India needs to strengthen and implement regulations on antibiotic misuse
E ven as antibiotics lose their efficacy against deadly infectious diseases worldwide, it seems to be business as usual for governments, private corporations and individuals who have the power to stall a post-antibiotic apocalypse. In a recent investigation, it was found that the world’s largest veterinary drug-maker, Zoetis, was selling antibiotics as growth promoters to poultry farmers in India, even though it had stopped the practice in the U.S. India is yet to regulate antibiotic-use in poultry, while the U.S. banned the use of antibiotics as growth-promoters in early 2017. So, technically, the drug-maker was doing nothing illegal and complying with local regulations in both countries. But such reasoning is self-defeating, because antibiotic-resistance does not respect political boundaries. Of course, the country that stands to lose the most from antibiotic resistance is India, given that its burden of infectious disease is among the world’s highest. According to a 2016 PLOS Medicine paper, 416 of every 100,000 Indians die of infectious diseases each year. This is more than twice the U.S.’s crude infectious-disease mortality-rate in the 1940s, when antibiotics were first used there. If these miracle drugs stop working, no one will be hit harder than India.

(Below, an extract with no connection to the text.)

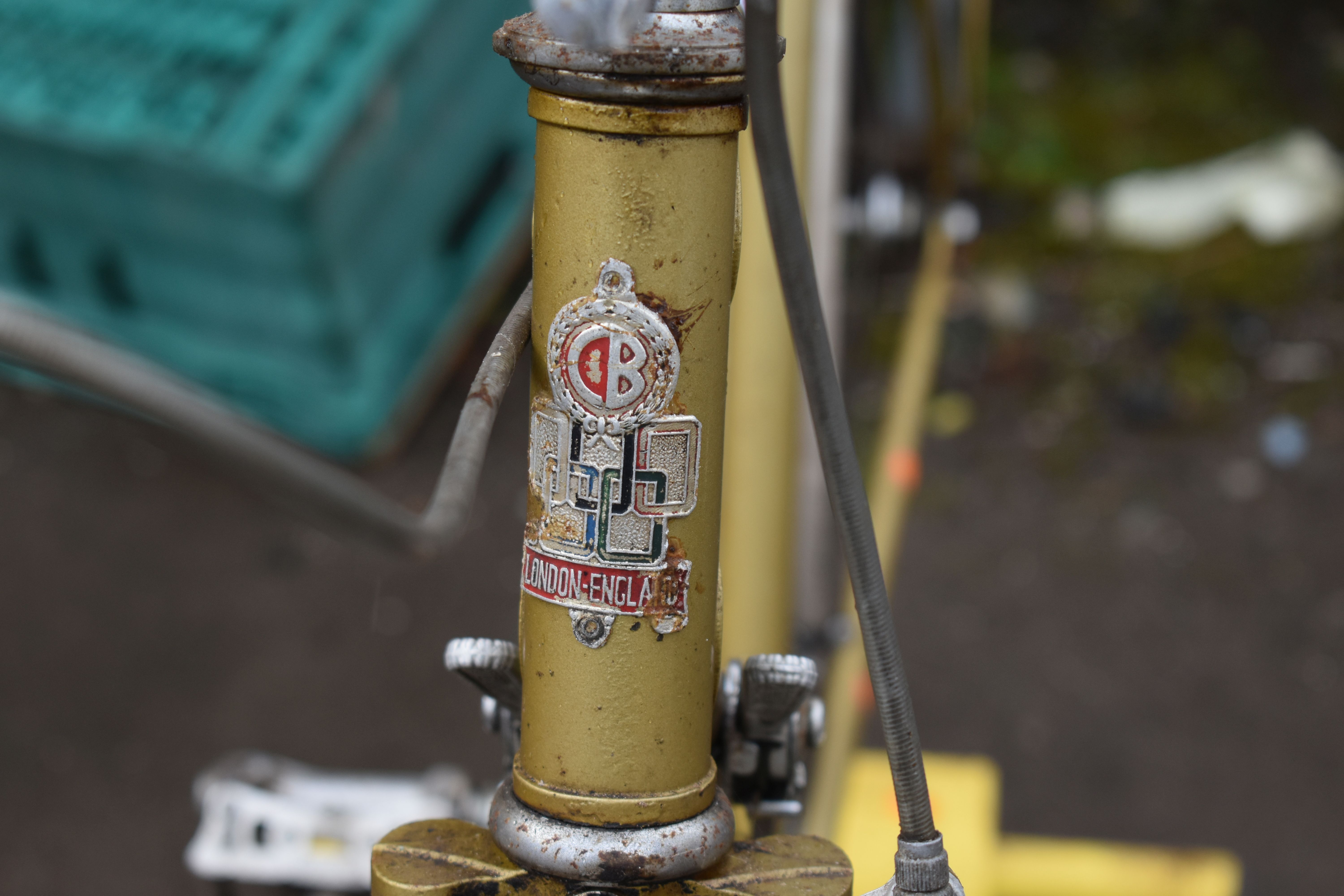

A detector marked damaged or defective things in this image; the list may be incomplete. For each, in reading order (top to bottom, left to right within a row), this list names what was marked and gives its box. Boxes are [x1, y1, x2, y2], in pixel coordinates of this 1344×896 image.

This is why the country’s progress towards a tighter regulatory regime must pick up pace. Consider the three major sources of resistance: overuse of antibiotics by human beings; overuse in the veterinary sector; and environmental antibiotic contamination due to pharmaceutical
and hospital discharge. To tackle the first source, India classified important antibiotics under Schedule H1 of the Drugs and Cosmetics Rules 1945, so that they couldn’t be sold without prescriptions. Still, Schedule H1 drugs are freely available in pharmacies, with state drug-controllers unable to enforce the law widely. As far as veterinary use goes, India’s 2017 National Action Plan on Antimicrobial Resistance did talk about restricting antibiotic use as growth promoters. Sadly, no progress has been made on this front yet, allowing companies to sell last-resort drugs to farmers over the counter. The 2017 document also spoke about regulating antibiotics levels in discharge from pharmaceutical firms. For instance, Hyderabad’s pharmaceutical industry has been pumping massive amounts of antibiotics into local lakes, rivers and sewers. This has led to an explosion in resistance genes in these waterbodies. Still, India is yet to introduce standards for antibiotics in waste water, which means antibiotic discharge in sewage is not even being monitored regularly. As the country takes its time to formulate regulations, the toll from antibiotic-misuse is growing at an alarming rate. According to a 2013 estimate, around 58,000 newborns die in India each year due to sepsis from resistant bacteria. When these numbers mount, India will have no one to blame but itself.